Tutorial on building dataset generator using Python programming language

Geek Repo:Geek Repo

Github PK Tool:Github PK Tool

Introduction

The goal of this tutorial is to teach you how to build your own CLI (command-line interface) data set generator using Python programming language.

This program will be generating dataset as CSV files (text files with information separated by commas, saved with the extension .csv). You can add functionality to generate datasets in other formats later as an exercise.

If you are impatient or prefer to study code on your own, not following tutorials, here is the link to source code - https://github.com/touhf/Dataset_Generator It's only about 400 lines of code.

Creating virtual environment

For this program you will have to install few pip modules so it's recommended for you to create virtual environment.

To create virtual environment, type following command in your terminal.

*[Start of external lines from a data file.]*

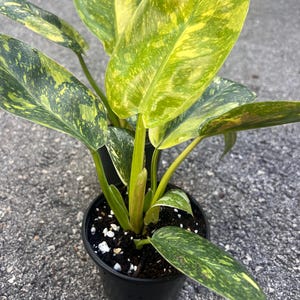May include: A potted houseplant with large, variegated leaves in shades of green and yellow. The plant is in a black plastic pot, and the leaves have a speckled pattern. The plant is a vibrant addition to any indoor space.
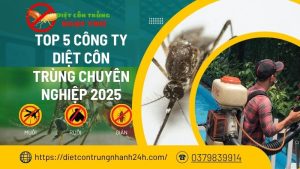Top 5 công ty diệt côn trùng chuyên nghiệp 2025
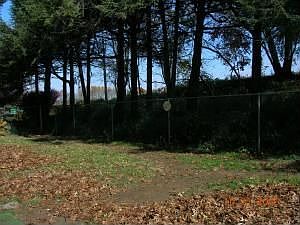 Fenced Rear Yard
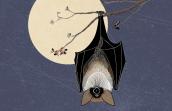 chauves-souris sur fond de pleine lune
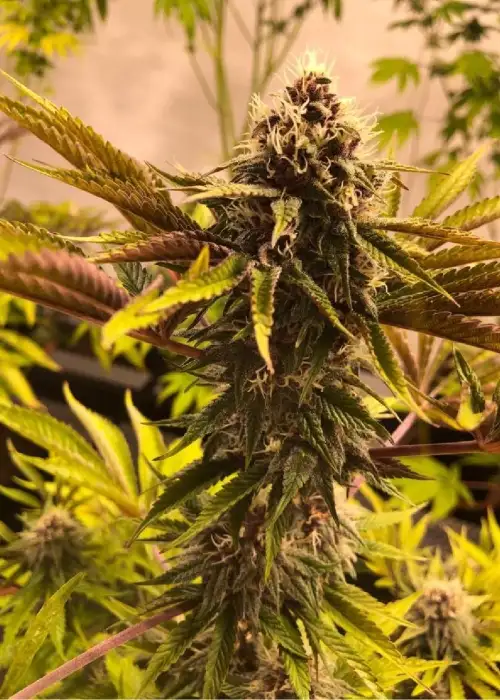 Jaguar Negro F2 by Black Tuna Seeds, Photoperiod cannabis strain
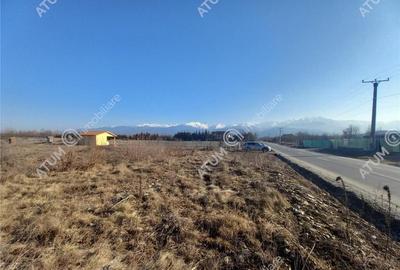 Teren intravilan 2000 mp de pe Valea Avrigului - 3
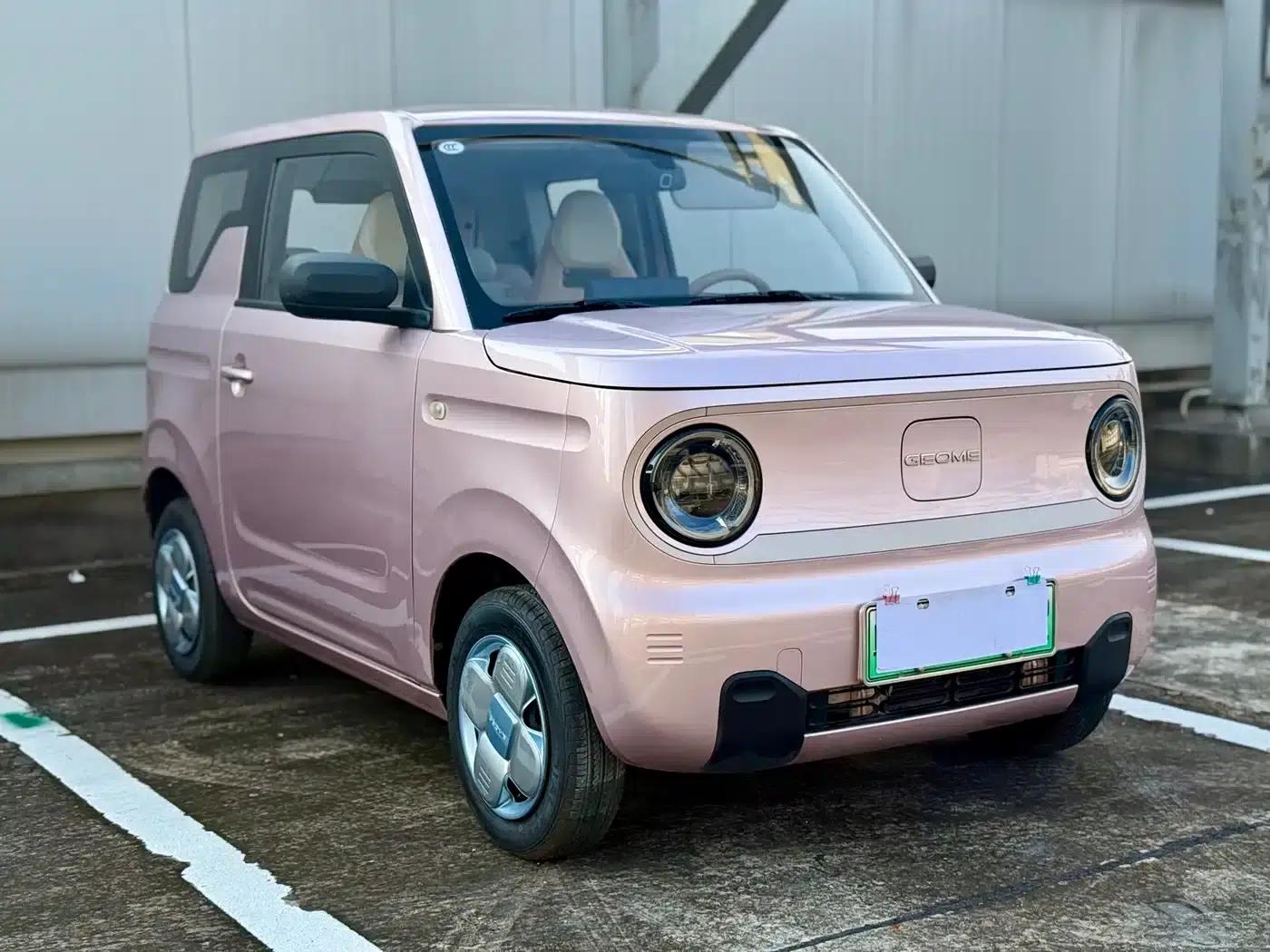 Panda 2023 Panda Mini 200km Endurance Bear — миниатюра 3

>>> python -m venv /path/to/new/virtual/environment

Activating virtual environment.

>>> source /path/to/new/virtual/environment/bin/activate

So, when you will be installing pip modules for this project, don't forget to activate created virtual environment first, otherwise you will install modules globally.

Also if you installing all the modules into virtual environment, to run your program you have to activate virtual environment too, otherwise python will check for modules globally and will throw an error since it won't find them.

If you want to read more about virtual environments in Python, here is the link to official documentation - https://docs.python.org/3/library/venv.html

Preparations

Usually, programs consist of data structures, predefined values, functions that operate them when the program works and a part of code that is calling all the functions to get some data from user, changes it, generates new and gives desired output.

We will start with preparing data structures first, then create helper functions for data generation and finally move to the part where all of it works together.

Create Python script "main.py", this is where the main code will be.

Our dataset will consist of table header and rows of data, let's start with creating them.

class Header:
    columns = []  # list of Column objects

    def __init__(self):
        pass

    def add_column(self, col: Column):
        self.columns.append(col)

    def remove_column(self, index: int):
        del self.columns[index]

columns is a list of Column objects which contain name of the column and data type to be generated. We will create Column class a bit later.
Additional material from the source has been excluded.